The very recent idea that (what we incorrectly call) "democracy" equates to the forces of Light, and "dictatorship" to those of Darkness, may be the result of geopolitical developments over the past century or so.  "Democracies" such as the UK, USA, and France allied with one another during the two World Wars, the "Cold War", and the "War on Terror"; their opponents in these conflicts have included National Socialist Germany, Imperial Japan, the countries of the Warsaw Pact, and now "Islamofascism" [see below].  It's easy to see how the human penchant for oversimplification might lead us to conclude that "democracies" are inherently good and "dictatorships" inherently bad, but the reality is more complex.  Israel's King David, Roman Emperor Constantine the Great, Grand Prince St. Vladimir of Kiev, and nearly all the other benevolent rulers in history prior to the Twentieth Century were either absolute or near-absolute monarchs.  Further, countries whose people elect their leaders are quite capable of working evil, such as oppressing minorities and waging wars of aggression; there are so many examples that this point ought not to require elaboration (except perhaps to say that a government of the People, by the People, and for the People will be only so virtuous as the People, and that this level of virtue, because of Original Sin, is not very high).

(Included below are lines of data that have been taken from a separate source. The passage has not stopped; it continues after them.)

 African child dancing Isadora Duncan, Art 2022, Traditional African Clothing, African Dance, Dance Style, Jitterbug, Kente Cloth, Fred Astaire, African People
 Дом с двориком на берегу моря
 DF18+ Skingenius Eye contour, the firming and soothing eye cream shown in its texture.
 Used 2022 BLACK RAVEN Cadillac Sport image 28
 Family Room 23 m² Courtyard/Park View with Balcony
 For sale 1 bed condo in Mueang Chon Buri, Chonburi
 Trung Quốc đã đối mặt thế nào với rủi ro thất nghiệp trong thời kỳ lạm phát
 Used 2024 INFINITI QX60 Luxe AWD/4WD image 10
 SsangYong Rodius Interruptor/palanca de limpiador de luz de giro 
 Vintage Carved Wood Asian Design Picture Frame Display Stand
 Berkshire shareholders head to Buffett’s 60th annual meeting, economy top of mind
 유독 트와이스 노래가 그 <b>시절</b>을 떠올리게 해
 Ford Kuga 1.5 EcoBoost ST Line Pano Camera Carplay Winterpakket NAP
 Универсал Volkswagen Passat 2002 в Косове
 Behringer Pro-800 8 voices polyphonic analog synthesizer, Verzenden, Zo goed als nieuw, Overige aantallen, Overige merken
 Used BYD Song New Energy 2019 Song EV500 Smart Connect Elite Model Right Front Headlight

The "democracies" could claim a higher degree of piety than either the Communist lands, which were atheist, or the fascist and quasi-fascist polities, in which adulation of the state was made a substitute for true religion (even though the US House of Representatives had, in 1918, itself adopted the idolatrous American's Creed).  As the coining of the term "Islamofascism" shows, we have conflated Islamism with oppressive rule, adding a contrast between Western hyper-secularism and Moslem fanaticism to the popular good-versus-evil equation.  As in the case of "democracy" and "dictatorship", we have insisted upon seeing Islamism and modern Western secularism as respectively black and white even though we know .how complex the world is.  Islamists unquestionably menace the world through their support of jihad, but they're not wrong in every way; they forbid many evils that characteristically disgrace their irreligious antagonists, such as pornography and induced abortion.  In fact, if Western societies would adopt a philosophy that one might (by analogy with "Islamism") call "Christianism", or, to use my term, "political theocentrism", they wouldn't be falling apart as they now are.
The great war of our time and of all time is between not "freedom" and "tyranny", or "secular democracy" and "Islamofascism", but worldliness and godliness.  All Christians, indeed, all people need to understand this.